The Razzies have a pretty poor track record when it comes to singling out the true ‘worst of the worst’ from a year in film and are more prone to riding a trend than anything else. Last year, the whipping horse was a Netflix-sanctioned, filmed performance of Diana (the musical). Nominations were spread far and wide, seemingly because no corner of the bizarre production went un-flogged by the public, but it seems unprecedented that a live recording of a stage show would warrant a win (loss?) in the worst screenplay category, especially since musicals don’t have screenplays; they have books. Let’s look at what set Diana so far apart as to warrant a first for the Razzies.

First we should acknowledge a misfortune entirely outside of the show’s control: following the great furor of Cats 2019, audiences and critics alike had been smelling for blood in the water ever since. Dear Evan Hansen bore the brunt of this search, but Diana was perfectly poised, being nearly as misjudged as Cats, for a harangue-ing.

Diana Worst Screenplay of 2021

Next, unlike what you might expect from the sombre tale of mental despair and high-society entrapment we know of the people’s princess, Diana the musical is extraordinarily camp, though it doesn’t have the good sense to at least lean into that quality. As The Guardian put it: “If it was deliberate satire it would be genius, but it’s not.” Naturally, many viewers found the ham-fisted attempts at dramatic interjection amidst vapid glitz disrespectful. The production is lathered in Broadway excess, but is nonetheless
unwilling to rescind any pageantry of sincerity, and thereby downplays the real darkness of Diana’s mental state, even as it proports to champion her resolve and tell her story. You could scarcely imagine a better example of the tastelessness many associate with musicals.

This is not only a story that plenty of people hold a personal ownership over, but one which just about everyone is very familiar with, and so a new interpretation, especially in a heretofore untapped form like the musical, would need to go about retelling the story in an out-of-the-box manner. Instead, Diana the musical’s take on the narrative is rote, the treatment’s only defining deviation from her Wikipedia article being in its bizarre cluelessness and tacky lyrical playfulness.

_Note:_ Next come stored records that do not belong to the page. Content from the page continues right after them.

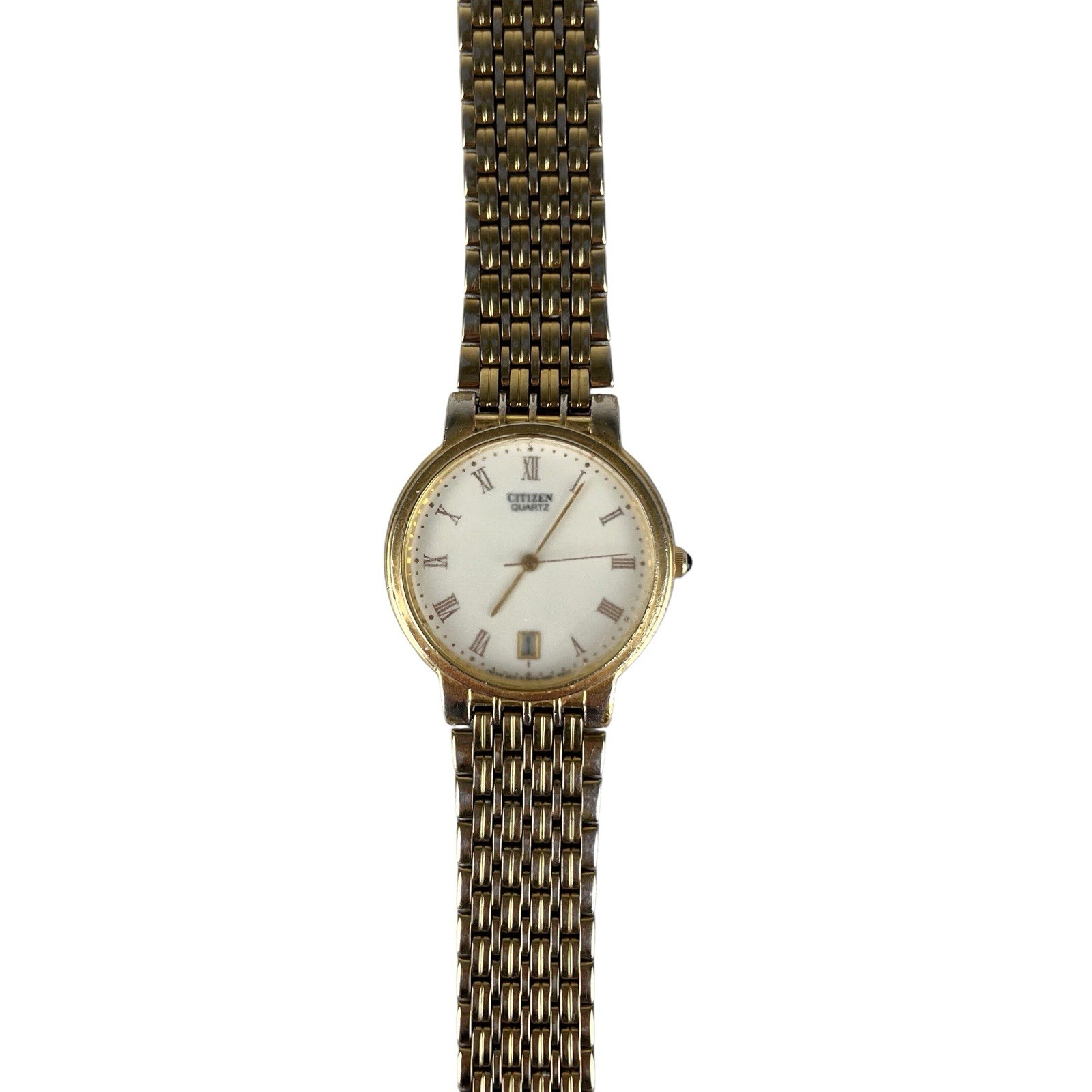 Vintage Citizen Quartz Gold Tone Watch Roman Numeral Date Classic Dress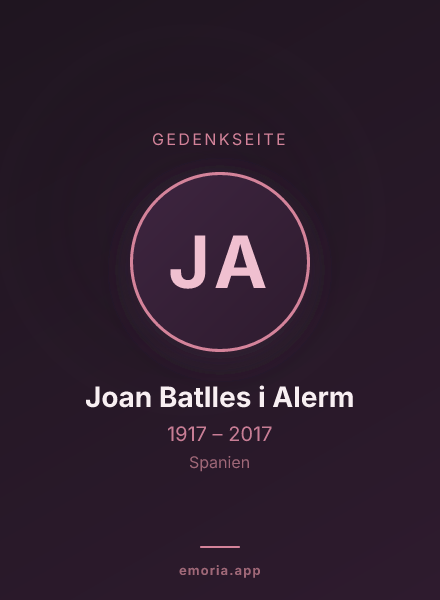 Gedenkportrait von Joan Batlles i Alerm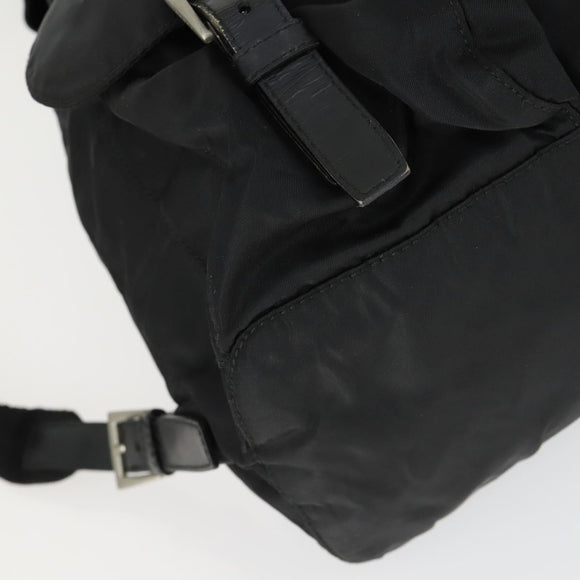 PRADA Backpack Nylon Black Silver Auth 171402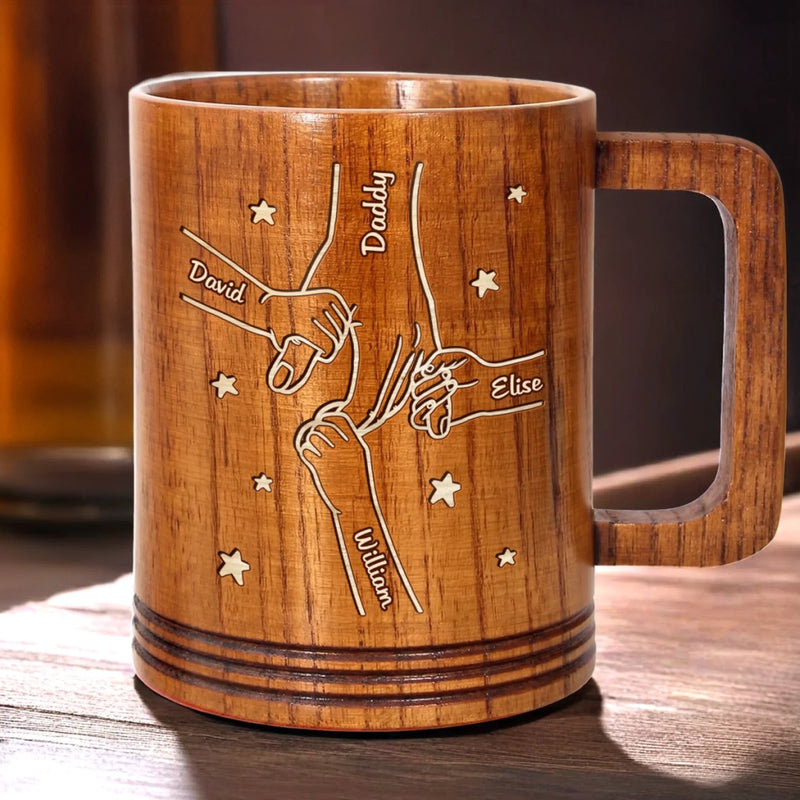 Held By Love, Bound By Heart - Family Personalized Custom Wooden Mug - Father's Day, Gift For Dad, Grandpa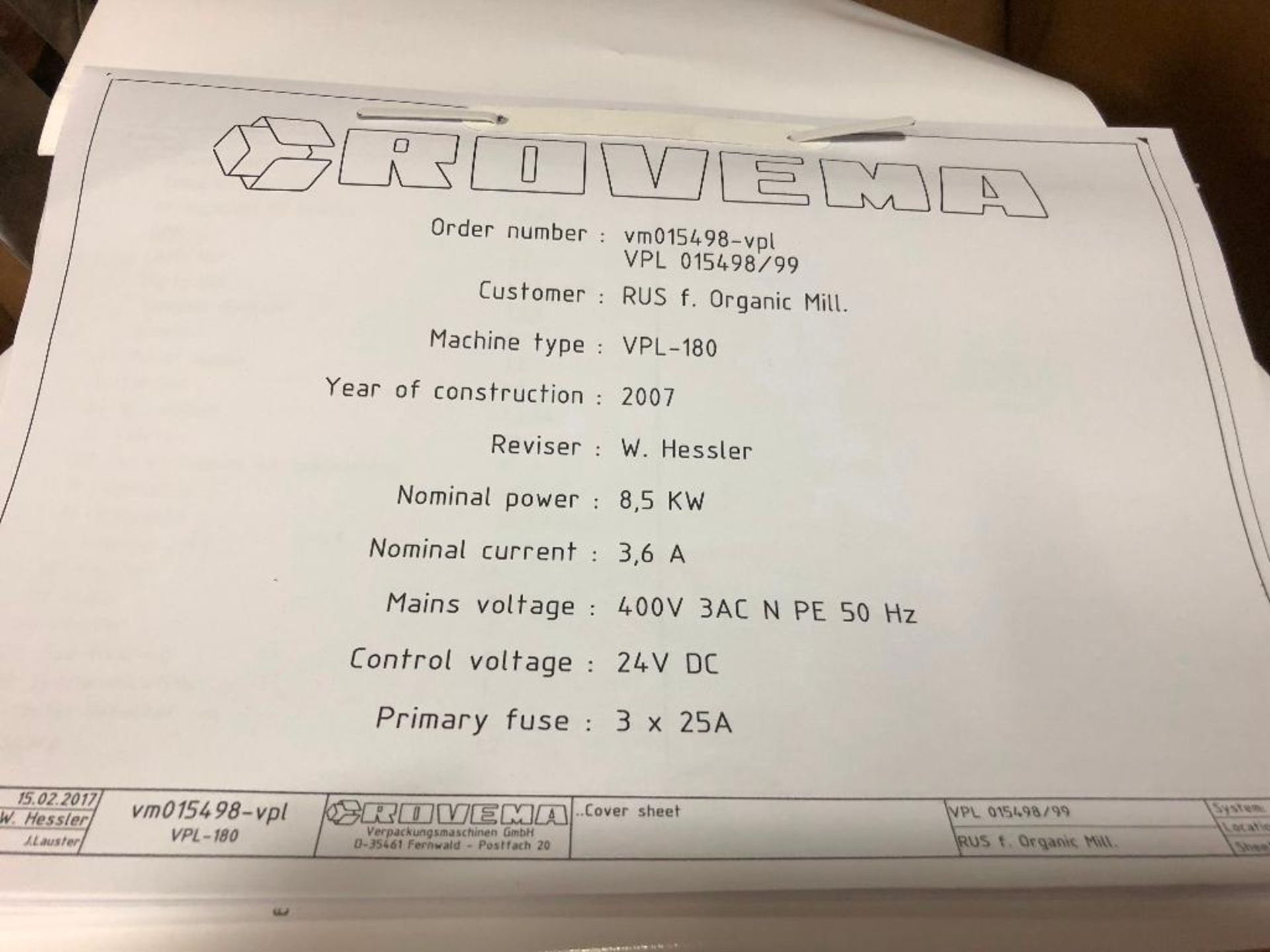 2007 Rovema vertical bagger, Type: VPL-180, SN 15499, 8 in. jaw, 16 in. web, no horn. - ** Located i - Image 9 of 21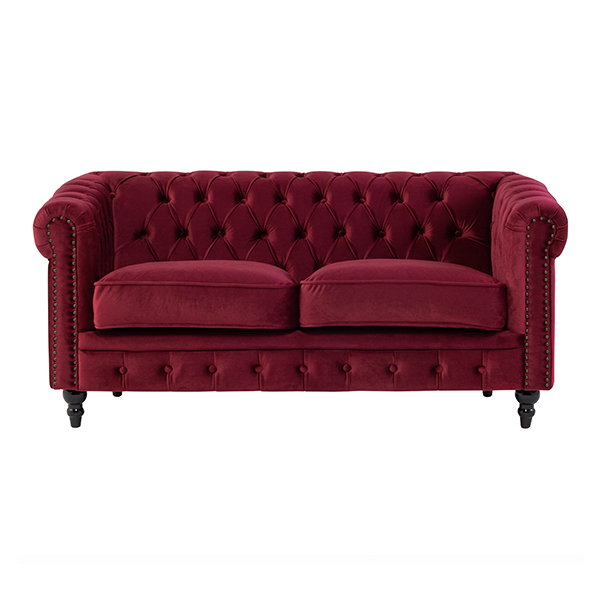 レッドベルベットコンパクトチェスターフィールド2.5シーターソファ　VINCENT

It’s all in the book. Lines jot out and demand admonishment, for instance: Charles: “How about for a start / Don’t act like a tart”, a paparazzo: “Better than a Guinness, better than a wank / Snatch a few pics, it’s money in the bank”, Diana, summarizing her marital woes: “Serves me right for marrying a Scorpio”.

Comparisons to the fresh memory of the excellent staging of Hamilton on Disney+, with its spectacular reimagining of history, didn’t help Diana’s chances, nor did the gothic Spencer shortly thereafter. In short; be careful which stories you adopt, and be militantly conscious of how they’ll play to a modern, ready-to-pounce audience.